Problem:
Only one stretch of the data is wanted: the line containing "12413 64a Avenue, Surrey, BC", the line containing "Red Date Milk", and every line between them, copied exactly.

[Provided entries Boundary: Start]

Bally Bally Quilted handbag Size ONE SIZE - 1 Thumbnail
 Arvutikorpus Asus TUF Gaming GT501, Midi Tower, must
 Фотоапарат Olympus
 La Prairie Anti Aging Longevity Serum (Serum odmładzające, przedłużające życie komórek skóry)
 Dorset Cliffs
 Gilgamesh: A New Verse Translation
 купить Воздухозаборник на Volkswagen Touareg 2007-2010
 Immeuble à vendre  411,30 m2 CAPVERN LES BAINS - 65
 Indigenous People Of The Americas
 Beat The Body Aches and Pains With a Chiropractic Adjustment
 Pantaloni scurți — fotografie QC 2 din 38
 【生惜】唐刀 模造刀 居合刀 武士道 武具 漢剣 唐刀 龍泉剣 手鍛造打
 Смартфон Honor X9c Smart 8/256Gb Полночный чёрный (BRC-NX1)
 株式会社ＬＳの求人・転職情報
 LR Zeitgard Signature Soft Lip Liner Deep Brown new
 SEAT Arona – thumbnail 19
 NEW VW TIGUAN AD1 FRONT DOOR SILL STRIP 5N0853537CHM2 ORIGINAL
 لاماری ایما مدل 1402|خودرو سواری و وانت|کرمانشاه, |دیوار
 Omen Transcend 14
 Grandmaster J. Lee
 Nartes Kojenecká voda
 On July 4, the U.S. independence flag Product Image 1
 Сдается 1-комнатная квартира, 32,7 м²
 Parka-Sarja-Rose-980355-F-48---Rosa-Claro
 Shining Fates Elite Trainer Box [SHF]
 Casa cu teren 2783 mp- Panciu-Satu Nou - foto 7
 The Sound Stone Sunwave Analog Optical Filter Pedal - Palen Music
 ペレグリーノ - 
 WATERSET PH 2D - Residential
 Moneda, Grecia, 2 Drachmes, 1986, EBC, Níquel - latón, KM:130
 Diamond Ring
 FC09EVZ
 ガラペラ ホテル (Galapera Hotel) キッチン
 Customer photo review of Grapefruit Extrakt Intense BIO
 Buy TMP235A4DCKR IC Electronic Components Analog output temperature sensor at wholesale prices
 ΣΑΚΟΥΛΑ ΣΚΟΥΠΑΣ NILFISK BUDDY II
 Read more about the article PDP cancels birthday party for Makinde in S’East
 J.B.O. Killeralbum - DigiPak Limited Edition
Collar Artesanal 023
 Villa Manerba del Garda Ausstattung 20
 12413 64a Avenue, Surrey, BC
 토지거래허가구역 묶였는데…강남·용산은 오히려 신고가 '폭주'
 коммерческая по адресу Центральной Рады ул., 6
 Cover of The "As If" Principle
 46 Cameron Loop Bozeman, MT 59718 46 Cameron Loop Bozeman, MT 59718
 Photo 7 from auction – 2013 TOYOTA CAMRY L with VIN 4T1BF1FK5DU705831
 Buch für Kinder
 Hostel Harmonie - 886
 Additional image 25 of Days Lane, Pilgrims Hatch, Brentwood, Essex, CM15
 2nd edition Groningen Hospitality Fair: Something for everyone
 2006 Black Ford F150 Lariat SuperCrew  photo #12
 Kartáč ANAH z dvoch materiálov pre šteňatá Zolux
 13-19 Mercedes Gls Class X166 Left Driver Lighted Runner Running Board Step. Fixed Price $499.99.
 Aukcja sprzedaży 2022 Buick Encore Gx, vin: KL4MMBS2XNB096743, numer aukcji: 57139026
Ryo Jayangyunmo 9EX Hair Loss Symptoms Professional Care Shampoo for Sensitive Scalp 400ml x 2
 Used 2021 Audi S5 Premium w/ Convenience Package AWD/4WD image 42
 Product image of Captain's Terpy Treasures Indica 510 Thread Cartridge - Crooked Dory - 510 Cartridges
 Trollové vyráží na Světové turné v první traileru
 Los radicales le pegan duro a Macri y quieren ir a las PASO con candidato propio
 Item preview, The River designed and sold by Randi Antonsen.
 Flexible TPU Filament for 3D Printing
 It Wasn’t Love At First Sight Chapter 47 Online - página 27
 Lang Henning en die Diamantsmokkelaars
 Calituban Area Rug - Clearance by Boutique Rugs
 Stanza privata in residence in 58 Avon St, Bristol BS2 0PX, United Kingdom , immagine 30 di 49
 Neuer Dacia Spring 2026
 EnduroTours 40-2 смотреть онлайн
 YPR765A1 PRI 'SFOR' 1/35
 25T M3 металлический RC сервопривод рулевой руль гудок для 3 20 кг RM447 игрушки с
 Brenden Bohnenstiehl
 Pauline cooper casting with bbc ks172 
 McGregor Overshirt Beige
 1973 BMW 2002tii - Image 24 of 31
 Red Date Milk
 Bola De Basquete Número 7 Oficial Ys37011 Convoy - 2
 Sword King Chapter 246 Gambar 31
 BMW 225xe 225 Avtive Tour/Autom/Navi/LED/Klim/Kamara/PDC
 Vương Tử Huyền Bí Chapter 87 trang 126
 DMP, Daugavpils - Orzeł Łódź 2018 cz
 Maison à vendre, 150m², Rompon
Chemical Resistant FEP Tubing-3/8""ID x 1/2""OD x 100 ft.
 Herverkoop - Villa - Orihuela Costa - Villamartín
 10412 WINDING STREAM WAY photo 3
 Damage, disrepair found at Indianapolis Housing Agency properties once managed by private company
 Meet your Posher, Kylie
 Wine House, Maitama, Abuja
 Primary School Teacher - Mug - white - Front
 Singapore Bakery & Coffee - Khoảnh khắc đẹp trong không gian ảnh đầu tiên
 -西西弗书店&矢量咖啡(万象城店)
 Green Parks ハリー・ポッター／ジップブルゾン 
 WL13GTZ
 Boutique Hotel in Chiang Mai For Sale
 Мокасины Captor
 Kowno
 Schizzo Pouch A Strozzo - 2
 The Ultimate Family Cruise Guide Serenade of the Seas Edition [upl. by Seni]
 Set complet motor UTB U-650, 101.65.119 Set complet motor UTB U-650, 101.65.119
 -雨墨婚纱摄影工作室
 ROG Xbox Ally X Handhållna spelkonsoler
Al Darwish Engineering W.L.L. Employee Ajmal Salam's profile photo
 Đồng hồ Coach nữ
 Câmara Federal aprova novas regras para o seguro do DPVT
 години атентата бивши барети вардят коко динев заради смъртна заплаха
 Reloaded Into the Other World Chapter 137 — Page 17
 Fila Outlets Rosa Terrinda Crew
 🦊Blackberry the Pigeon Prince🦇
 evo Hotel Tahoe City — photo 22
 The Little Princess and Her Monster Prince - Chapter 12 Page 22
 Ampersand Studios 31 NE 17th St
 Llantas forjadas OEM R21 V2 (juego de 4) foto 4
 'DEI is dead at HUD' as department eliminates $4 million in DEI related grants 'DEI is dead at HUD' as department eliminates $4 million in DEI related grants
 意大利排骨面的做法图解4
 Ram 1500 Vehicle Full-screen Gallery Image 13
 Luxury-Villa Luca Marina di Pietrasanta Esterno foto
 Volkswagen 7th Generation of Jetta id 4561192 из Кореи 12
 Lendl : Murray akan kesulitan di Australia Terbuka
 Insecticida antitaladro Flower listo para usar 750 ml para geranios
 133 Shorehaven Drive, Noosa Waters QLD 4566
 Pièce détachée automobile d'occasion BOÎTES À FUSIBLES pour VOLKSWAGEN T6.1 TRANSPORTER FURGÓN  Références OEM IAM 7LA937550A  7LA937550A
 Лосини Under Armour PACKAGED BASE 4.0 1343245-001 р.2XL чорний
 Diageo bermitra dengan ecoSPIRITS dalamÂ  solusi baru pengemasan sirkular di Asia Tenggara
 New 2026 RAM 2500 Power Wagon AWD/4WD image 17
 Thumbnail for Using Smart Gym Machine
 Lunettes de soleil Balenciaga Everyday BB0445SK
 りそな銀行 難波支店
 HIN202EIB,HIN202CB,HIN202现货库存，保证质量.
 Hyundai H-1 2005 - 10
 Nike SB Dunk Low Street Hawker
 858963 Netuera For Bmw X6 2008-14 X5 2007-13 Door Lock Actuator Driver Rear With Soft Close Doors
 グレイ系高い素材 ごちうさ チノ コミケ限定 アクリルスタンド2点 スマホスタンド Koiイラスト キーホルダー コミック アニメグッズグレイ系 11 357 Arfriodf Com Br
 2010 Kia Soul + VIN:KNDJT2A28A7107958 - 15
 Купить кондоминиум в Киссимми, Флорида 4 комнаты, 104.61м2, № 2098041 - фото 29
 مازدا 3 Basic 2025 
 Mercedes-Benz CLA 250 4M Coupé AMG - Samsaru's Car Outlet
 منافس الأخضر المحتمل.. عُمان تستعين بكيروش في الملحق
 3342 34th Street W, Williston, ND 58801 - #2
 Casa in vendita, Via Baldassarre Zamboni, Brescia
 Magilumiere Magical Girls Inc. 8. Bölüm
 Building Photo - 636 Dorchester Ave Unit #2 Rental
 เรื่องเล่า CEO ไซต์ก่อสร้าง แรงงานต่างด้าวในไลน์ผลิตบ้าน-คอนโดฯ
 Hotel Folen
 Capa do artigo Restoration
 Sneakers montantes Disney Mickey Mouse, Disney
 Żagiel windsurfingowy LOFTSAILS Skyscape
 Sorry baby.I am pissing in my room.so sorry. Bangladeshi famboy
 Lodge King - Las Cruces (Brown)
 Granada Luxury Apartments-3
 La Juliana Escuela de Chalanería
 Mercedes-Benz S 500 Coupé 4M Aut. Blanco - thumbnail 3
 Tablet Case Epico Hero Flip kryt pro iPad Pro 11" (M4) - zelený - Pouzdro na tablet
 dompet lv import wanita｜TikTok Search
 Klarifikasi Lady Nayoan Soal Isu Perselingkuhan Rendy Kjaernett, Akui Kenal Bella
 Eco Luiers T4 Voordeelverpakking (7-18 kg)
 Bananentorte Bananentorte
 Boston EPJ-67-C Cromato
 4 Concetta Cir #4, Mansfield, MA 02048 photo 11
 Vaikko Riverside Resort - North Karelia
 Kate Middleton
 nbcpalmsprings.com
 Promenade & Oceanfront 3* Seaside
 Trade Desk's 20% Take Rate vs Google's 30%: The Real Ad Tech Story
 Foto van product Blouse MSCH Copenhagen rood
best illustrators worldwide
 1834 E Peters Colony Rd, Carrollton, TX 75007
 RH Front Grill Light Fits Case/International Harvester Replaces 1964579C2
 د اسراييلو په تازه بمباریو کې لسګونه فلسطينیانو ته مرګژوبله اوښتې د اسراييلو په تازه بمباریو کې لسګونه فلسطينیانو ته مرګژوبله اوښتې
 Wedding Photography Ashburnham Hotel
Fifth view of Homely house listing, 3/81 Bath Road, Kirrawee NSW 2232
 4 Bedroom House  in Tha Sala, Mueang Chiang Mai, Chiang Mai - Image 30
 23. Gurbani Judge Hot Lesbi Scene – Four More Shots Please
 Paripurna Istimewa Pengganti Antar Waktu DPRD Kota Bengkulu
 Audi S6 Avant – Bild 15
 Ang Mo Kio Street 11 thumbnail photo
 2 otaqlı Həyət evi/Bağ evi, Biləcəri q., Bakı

[Provided entries Boundary: End]

Your solution:
 12413 64a Avenue, Surrey, BC
 토지거래허가구역 묶였는데…강남·용산은 오히려 신고가 '폭주'
 коммерческая по адресу Центральной Рады ул., 6
 Cover of The "As If" Principle
 46 Cameron Loop Bozeman, MT 59718 46 Cameron Loop Bozeman, MT 59718
 Photo 7 from auction – 2013 TOYOTA CAMRY L with VIN 4T1BF1FK5DU705831
 Buch für Kinder
 Hostel Harmonie - 886
 Additional image 25 of Days Lane, Pilgrims Hatch, Brentwood, Essex, CM15
 2nd edition Groningen Hospitality Fair: Something for everyone
 2006 Black Ford F150 Lariat SuperCrew  photo #12
 Kartáč ANAH z dvoch materiálov pre šteňatá Zolux
 13-19 Mercedes Gls Class X166 Left Driver Lighted Runner Running Board Step. Fixed Price $499.99.
 Aukcja sprzedaży 2022 Buick Encore Gx, vin: KL4MMBS2XNB096743, numer aukcji: 57139026
Ryo Jayangyunmo 9EX Hair Loss Symptoms Professional Care Shampoo for Sensitive Scalp 400ml x 2
 Used 2021 Audi S5 Premium w/ Convenience Package AWD/4WD image 42
 Product image of Captain's Terpy Treasures Indica 510 Thread Cartridge - Crooked Dory - 510 Cartridges
 Trollové vyráží na Světové turné v první traileru
 Los radicales le pegan duro a Macri y quieren ir a las PASO con candidato propio
 Item preview, The River designed and sold by Randi Antonsen.
 Flexible TPU Filament for 3D Printing
 It Wasn’t Love At First Sight Chapter 47 Online - página 27
 Lang Henning en die Diamantsmokkelaars
 Calituban Area Rug - Clearance by Boutique Rugs
 Stanza privata in residence in 58 Avon St, Bristol BS2 0PX, United Kingdom , immagine 30 di 49
 Neuer Dacia Spring 2026
 EnduroTours 40-2 смотреть онлайн
 YPR765A1 PRI 'SFOR' 1/35
 25T M3 металлический RC сервопривод рулевой руль гудок для 3 20 кг RM447 игрушки с
 Brenden Bohnenstiehl
 Pauline cooper casting with bbc ks172 
 McGregor Overshirt Beige
 1973 BMW 2002tii - Image 24 of 31
 Red Date Milk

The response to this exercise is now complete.